Bosnia should be free of international supervision, Russia has said, despite concern about Bosnian Serb plans to split away.
“I believe the country [Bosnia] needs to get rid of this stifling supervision once and for good. The time has come for the Office of the High Representative to become a thing of the past,” Russia’s EU ambassador Vladimir Chizhov told EUobserver.
“I’m not saying something like ‘he [the high representative] should be kicked out immediately’, but the termination of this institution should be definitely considered,” Chizhov added.
The Office of the High Representative was created in 1995 to oversee implementation of Bosnia’s Dayton Accords peace deal.
The post is currently held by Christian Schmidt, a German politician.
But for Russia, Schmidt got the job unfairly because Western powers had failed to obtain the necessary UN Security Council blessing for his appointment.
“There is this new German, Mr Schmidt, who claims to be the high representative, but we do not recognise him as such,” Chizhov said.
“There is nothing personal, he may be a nice person and an experienced politician, but he’s not the high representative,” Chizhov added.
The Russian ambassador spoke amid plans by Milorad Dodik, the leader of Republika Srpska, the Bosnian Serb entity, to pull out of federal structures and create its own army and intelligence service.
And for its part, Germany has called for EU sanctions to try to stop him doing so.

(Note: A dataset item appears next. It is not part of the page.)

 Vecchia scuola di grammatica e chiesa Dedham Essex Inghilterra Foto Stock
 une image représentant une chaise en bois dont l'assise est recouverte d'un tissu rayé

“The situation in Bosnia and Herzegovina is worrying, efforts to secede are unacceptable. For me, this means that the existing [EU] sanctions regime should now also be used against Mr Dodik,” German foreign minister Annalena Baerbock said.
The EU fears the break up of Bosnia could lead to fresh instability, some 20 years after the Western Balkans wars ended.
And when asked if Russia backed Dodik’s Serb-army plan, Chizhov said: “I would outline our position as stressing the need to avoid radical steps, and that applies to everybody”.
But the Russian ambassador also downplayed the importance of Dodik’s actions.
And he framed them in the context of Russia’s opposition to Bosnia’s possible future Nato membership.
“Well, I am concerned [about fresh instability] but not with what Milorad Dodik is doing,” Chizhov said.
“Russia is equally concerned with what is happening in Kosovo and around it. In Bosnia, at least they are not fighting, whereas in Kosovo the situation is really precarious,” he added, following a recent flare up in violence around Kosovo’s ethnic Serb enclave.
“There have been attempts to change the nature of the Dayton balance, moving toward a more unified structure of state power, which would open the way for Bosnia to join Nato,” Chizhov said.
“But for the time being, it so happens that the Serb entity, Republika Srpska, is against [Nato],” he said.
Nato and Bosnia have been in talks on membership since 2008, but little has happened on that front in recent times and its accession is a dim prospect for now.
Russia has been calling for the abolition of the Bosnian high representative for at least two years.
It also tried and failed to stop North Macedonia and Montenegro joining Nato, including by fomenting nationalist protests in Skopje and via an attempted coup in Podgorica.
And its recent hostility to Schmidt comes amid redoubled efforts to restore its Soviet Union-era sphere of influence in eastern Europe, including demands for Nato to take back promises on, one day, letting Georgia and Ukraine join.